== Supplied information ==

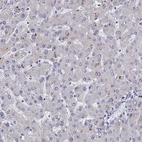 Immunohistochemical staining of human liver shows low expression as expected.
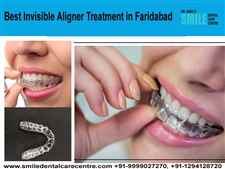 Best Invisible Aligner Treatment At Affordable Cost in Faridabad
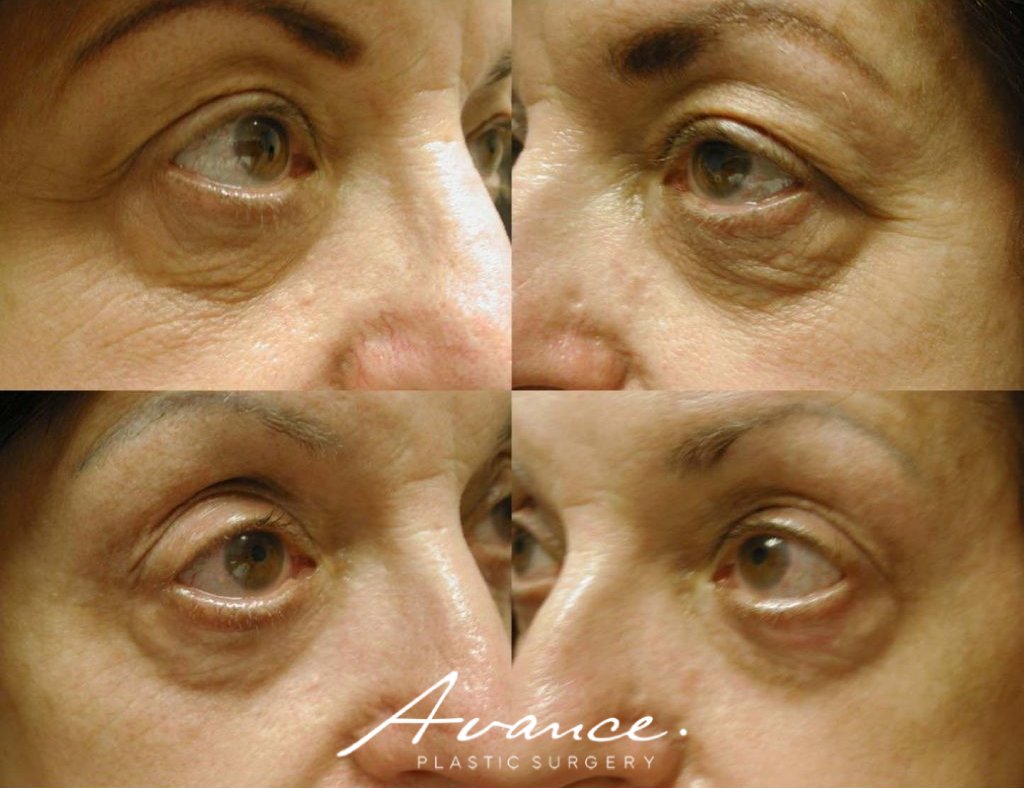 Before and After - Laser Resurfacing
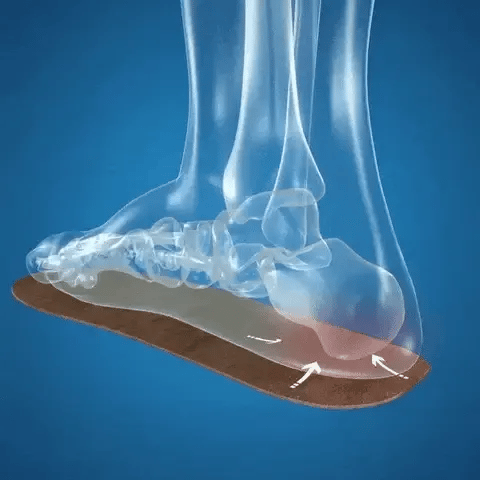 Illustrazione di un piede con plantare ortopedico, evidenziando il supporto dell'arco plantare. Immagine medica su sfondo blu.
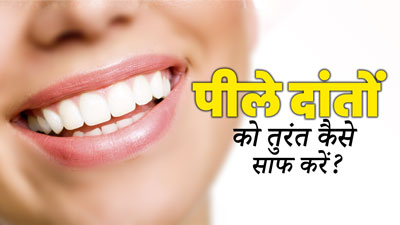 Teeth Whitening Tips: पीले दांतों को साफ कैसे करें? जानें 5 घरेलू नुस्खे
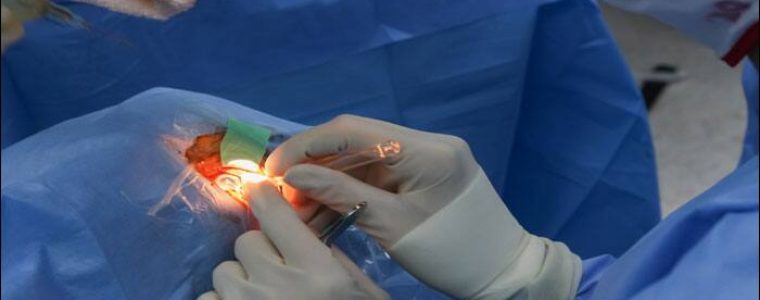 Neuropatía óptica hereditaria de Leber y terapia génica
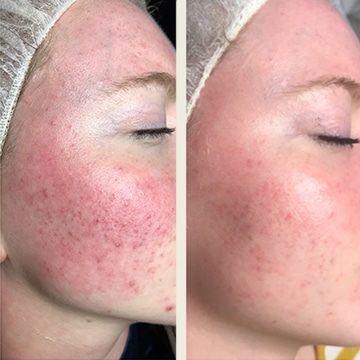 Behandling af Rosacea
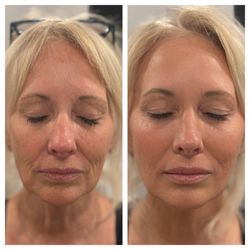 NovaGen Skin & Wellness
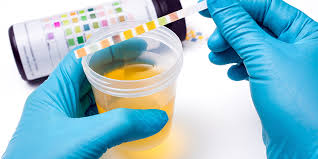 Curso Básico Teórico Práctico de Uroanálisis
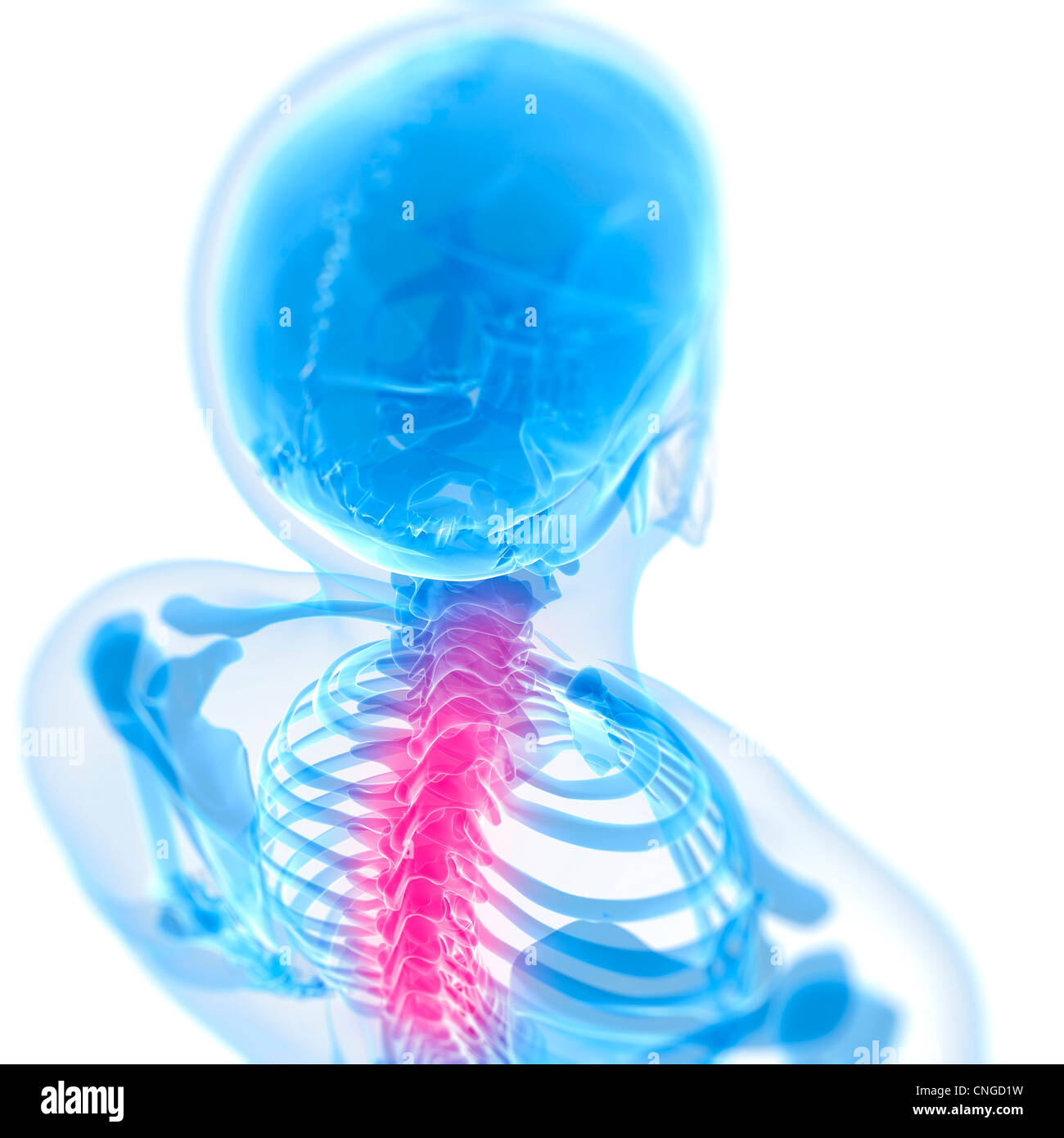 Back pain conceptual artwork Stock Photo - Alamy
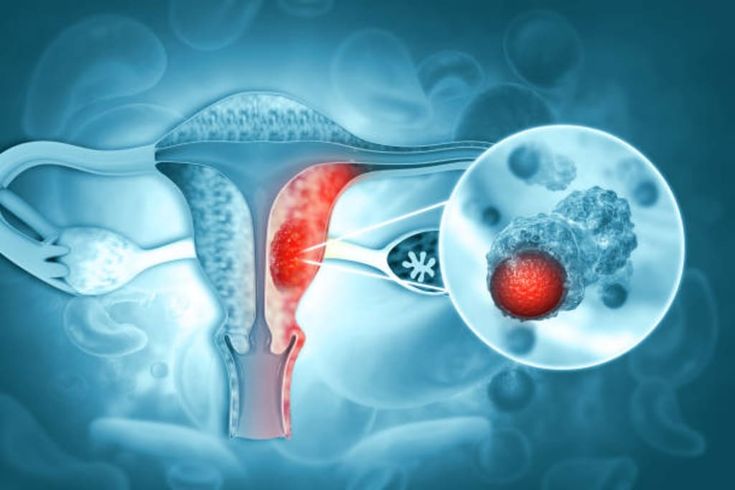 Cervical Cancer Treatment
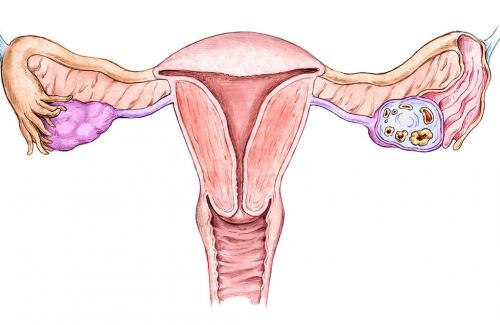 Làm sao để phát hiện sớm bệnh ung thư nội mạc tử cung?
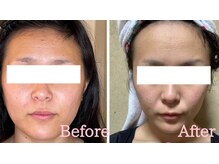 小顔矯正サロン ブルーム/施術1回のビフォーアフター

===

◆ **Task description**
Pictures excluded, repeat the material above from its first line through the line containing "Illustrazione di un", both included.

◆ **Result of the exercise**
 Immunohistochemical staining of human liver shows low expression as expected.
 Best Invisible Aligner Treatment At Affordable Cost in Faridabad
 Before and After - Laser Resurfacing
 Illustrazione di un piede con plantare ortopedico, evidenziando il supporto dell'arco plantare. Immagine medica su sfondo blu.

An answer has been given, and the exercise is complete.